### What is expected
For the material below, reproduce exactly each line from the one that has "Next thing I" through the one that has "Welcome back. In", and no others; pictures stay out.

### Given data
======
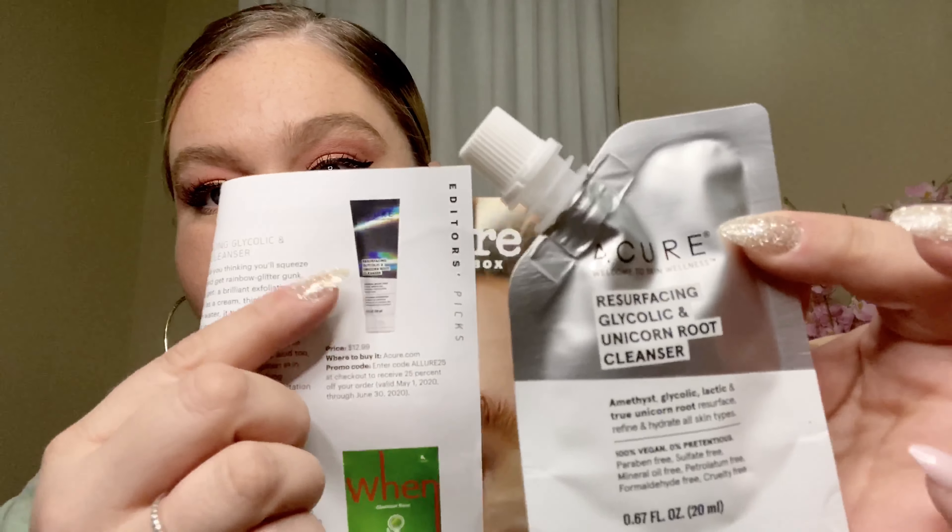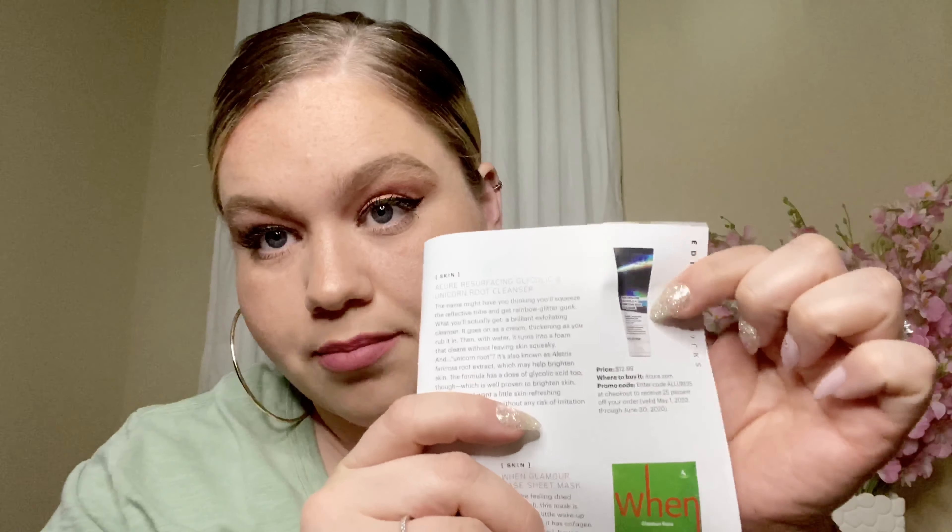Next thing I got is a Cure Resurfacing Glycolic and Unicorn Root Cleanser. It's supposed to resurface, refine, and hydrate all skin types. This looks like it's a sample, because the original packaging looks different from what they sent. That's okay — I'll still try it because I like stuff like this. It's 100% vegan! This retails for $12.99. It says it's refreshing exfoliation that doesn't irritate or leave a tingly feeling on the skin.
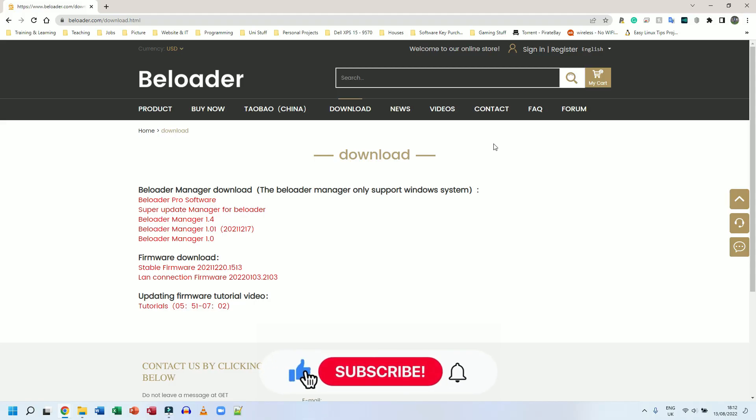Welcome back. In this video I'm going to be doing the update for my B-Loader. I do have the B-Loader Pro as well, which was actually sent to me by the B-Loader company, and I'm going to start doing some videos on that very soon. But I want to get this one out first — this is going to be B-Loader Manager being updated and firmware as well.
======
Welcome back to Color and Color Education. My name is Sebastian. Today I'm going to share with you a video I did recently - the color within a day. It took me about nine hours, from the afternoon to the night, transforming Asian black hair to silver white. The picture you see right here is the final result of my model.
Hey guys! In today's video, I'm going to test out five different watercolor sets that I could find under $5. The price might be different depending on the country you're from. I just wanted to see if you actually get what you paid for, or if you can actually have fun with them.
======
### Your response
Next thing I got is a Cure Resurfacing Glycolic and Unicorn Root Cleanser. It's supposed to resurface, refine, and hydrate all skin types. This looks like it's a sample, because the original packaging looks different from what they sent. That's okay — I'll still try it because I like stuff like this. It's 100% vegan! This retails for $12.99. It says it's refreshing exfoliation that doesn't irritate or leave a tingly feeling on the skin.
Welcome back. In this video I'm going to be doing the update for my B-Loader. I do have the B-Loader Pro as well, which was actually sent to me by the B-Loader company, and I'm going to start doing some videos on that very soon. But I want to get this one out first — this is going to be B-Loader Manager being updated and firmware as well.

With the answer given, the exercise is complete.